1

I am starting a project and have tried to abstract out the challenges that it faces. I am from a RDBMS background and am looking to make a sensible decision on storage technology(ies) for my next project. I know how I would approach these problems if RDBMS was the only option to me, but am interested to understand what the industry would go with – ideally someone sees this and says something like: ‘I did exactly this, and used ###, it worked perfectly but we had to employ ### to deal with spikes in usage’. And I'm not scared to crawl back into my RDBMS cave if that's the best option for the business.

So the problem:

[object A] – type: person
{
  /*some fields that every person has*/
  name: “A”
  email: “a@example.com”
  age: 22

  /*some fields that can be dynamically*/
  my_custom_user_property : 332 /* or maybe a struct of some type */

  /*some relations (fixed)*/
  groups: member of C; administrator of C; member of F; reader of G

  /*some more arbitrary relations*/
  mother_of: B
}

[list of groups]

That is to say – each customer may want to add their own ‘columns’ to the database, and then later on search against them.

My expectation is that the data isn’t fast changing (high read to write ratio) and I could happily asynchronise [e.g. the generation of reports]. But simple criteria based fetches would need to be fast and against the custom fields.

On top of the DB is some functionality to limit what can be seenat column level– e.g. only member of F can view email on members of G. These, again, would need to be dynamic (let’s say that my custom user property is sensitive and I have some means for setting business rules around that). Depending on the technology, this, I suppose could exist purely application (fetch whole objects, then limit based on rules) or as a more complicated query-builder type system.

Next is a ‘graph’ type search – I currently can’t see this going beyond a couple of degrees of freedom, but being able to find e.g. users on 2nd degree connection to groups through several different routes (some connections may not be fixed at development time). As above, this might be something that can be processed asynchronously,

I want to look for something that will handle, for now, 10M users, 1M groups, 100K daily active users, 5K users able to administrate (e.g. add columns). (And yes, totally achievable with MySQL or similar, but with a reasonable amount of engineering on top)

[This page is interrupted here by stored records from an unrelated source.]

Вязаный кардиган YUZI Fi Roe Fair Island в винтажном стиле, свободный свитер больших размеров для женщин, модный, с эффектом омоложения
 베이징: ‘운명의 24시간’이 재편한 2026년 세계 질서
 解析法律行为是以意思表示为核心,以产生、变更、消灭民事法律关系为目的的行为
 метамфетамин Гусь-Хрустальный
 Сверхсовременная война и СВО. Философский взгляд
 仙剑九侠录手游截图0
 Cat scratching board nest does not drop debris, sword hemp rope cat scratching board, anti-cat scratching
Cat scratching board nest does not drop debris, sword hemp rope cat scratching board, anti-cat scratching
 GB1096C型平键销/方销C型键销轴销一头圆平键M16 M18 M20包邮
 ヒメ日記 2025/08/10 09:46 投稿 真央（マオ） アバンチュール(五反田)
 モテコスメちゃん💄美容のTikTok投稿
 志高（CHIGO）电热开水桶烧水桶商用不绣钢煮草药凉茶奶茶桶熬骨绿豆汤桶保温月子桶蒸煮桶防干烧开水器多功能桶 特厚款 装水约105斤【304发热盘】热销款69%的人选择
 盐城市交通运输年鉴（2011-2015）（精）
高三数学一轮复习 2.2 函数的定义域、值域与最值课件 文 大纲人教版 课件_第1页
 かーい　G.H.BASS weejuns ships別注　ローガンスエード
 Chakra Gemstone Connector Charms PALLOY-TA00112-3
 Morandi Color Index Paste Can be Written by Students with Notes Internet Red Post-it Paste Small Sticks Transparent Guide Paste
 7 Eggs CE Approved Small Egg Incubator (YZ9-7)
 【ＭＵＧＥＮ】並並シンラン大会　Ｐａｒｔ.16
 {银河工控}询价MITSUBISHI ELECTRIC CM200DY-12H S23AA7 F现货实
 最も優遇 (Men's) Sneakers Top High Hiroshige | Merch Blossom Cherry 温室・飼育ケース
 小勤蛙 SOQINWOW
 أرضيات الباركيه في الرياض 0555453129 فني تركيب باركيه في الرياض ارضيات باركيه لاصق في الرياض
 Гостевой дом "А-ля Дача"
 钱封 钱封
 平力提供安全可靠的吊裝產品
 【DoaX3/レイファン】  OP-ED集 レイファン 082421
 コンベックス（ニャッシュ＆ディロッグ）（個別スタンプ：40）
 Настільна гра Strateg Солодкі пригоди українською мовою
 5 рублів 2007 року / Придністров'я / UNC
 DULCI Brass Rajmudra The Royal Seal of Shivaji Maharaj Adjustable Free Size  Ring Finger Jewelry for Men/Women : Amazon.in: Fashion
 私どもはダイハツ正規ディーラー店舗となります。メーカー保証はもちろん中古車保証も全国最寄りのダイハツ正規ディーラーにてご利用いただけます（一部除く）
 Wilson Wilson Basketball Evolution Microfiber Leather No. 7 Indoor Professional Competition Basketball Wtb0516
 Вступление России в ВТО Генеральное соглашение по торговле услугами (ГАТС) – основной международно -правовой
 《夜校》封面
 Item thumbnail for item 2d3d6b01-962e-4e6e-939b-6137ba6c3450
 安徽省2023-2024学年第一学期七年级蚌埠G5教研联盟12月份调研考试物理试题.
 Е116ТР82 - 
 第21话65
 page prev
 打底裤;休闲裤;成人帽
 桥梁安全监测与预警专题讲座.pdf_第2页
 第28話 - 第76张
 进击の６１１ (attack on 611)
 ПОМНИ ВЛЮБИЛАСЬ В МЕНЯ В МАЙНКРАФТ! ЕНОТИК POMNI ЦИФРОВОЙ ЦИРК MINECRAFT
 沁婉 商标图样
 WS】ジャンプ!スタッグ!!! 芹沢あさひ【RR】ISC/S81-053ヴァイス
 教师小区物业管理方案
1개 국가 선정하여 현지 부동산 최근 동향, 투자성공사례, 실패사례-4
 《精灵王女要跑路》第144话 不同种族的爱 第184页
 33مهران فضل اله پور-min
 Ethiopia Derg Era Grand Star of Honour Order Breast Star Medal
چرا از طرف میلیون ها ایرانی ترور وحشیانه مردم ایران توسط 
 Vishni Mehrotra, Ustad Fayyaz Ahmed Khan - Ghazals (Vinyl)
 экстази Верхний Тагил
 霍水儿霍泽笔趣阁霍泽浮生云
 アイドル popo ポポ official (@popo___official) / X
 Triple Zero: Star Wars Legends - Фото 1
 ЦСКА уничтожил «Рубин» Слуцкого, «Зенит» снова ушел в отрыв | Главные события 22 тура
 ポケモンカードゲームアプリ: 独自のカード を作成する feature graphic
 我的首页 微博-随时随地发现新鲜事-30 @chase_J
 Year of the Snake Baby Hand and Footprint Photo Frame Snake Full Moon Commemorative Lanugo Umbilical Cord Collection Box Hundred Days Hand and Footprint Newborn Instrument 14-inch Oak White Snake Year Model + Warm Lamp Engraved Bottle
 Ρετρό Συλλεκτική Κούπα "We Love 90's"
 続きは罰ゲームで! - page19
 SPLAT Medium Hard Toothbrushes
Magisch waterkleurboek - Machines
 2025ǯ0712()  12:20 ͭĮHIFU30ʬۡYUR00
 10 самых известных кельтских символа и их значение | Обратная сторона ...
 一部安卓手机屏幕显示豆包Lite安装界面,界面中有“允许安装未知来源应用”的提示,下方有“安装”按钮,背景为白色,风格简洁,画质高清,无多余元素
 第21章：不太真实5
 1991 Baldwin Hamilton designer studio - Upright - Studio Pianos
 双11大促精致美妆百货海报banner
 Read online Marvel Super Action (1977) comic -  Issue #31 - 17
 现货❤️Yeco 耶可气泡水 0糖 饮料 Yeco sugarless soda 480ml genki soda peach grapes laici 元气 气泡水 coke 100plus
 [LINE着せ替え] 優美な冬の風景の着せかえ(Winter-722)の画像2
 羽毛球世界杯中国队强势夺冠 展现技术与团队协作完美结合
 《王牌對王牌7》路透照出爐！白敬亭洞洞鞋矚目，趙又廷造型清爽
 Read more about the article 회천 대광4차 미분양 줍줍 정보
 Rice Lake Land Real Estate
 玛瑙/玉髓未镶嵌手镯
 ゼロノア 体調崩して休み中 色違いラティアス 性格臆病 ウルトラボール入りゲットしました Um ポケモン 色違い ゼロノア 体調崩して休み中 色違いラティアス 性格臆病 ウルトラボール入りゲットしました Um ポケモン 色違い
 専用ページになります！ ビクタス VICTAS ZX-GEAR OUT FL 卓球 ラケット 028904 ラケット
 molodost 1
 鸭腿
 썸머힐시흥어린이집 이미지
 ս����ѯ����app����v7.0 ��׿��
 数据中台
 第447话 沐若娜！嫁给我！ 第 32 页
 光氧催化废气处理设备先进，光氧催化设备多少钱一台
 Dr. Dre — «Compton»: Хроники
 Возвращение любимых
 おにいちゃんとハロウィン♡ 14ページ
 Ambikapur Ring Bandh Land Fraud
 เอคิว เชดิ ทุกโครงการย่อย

As far as practical development /infrastructure goes:

  • I don’t want to tear my hair out with undocumented configurations/gotchas and the like (that said I am TOTALLY happy learning things, as long as it's not going to take me a degree in the thing just to get off the ground)
  • Something that can be set up for high availability and robustness – e.g. decent cluster management and reporting available (or not that expensive with the help of an expert)
  • Preferably something that will deploy out of the box relatively quickly
  • I may have a module for financial transactions (unconfirmed) so ACID a plus
  • With mature library that will play nicely with Spring framework.
  • Of course, Good documentation/examples. Enough info to get a grasp of conceptual model as well as practical how-to type stuff
  • opensource

I have read [lots] about the offerings out there, but would like to whittle this down to 2 sensible options that I can spike out. When reading about: MongoDB; Cassandra; CouchBase; CouchDb; Neo4J; (and lots more), I sort of settled on CouchBase. But I’m also aware of the amount of marketing material out there designed to hook people like me on a particular idea.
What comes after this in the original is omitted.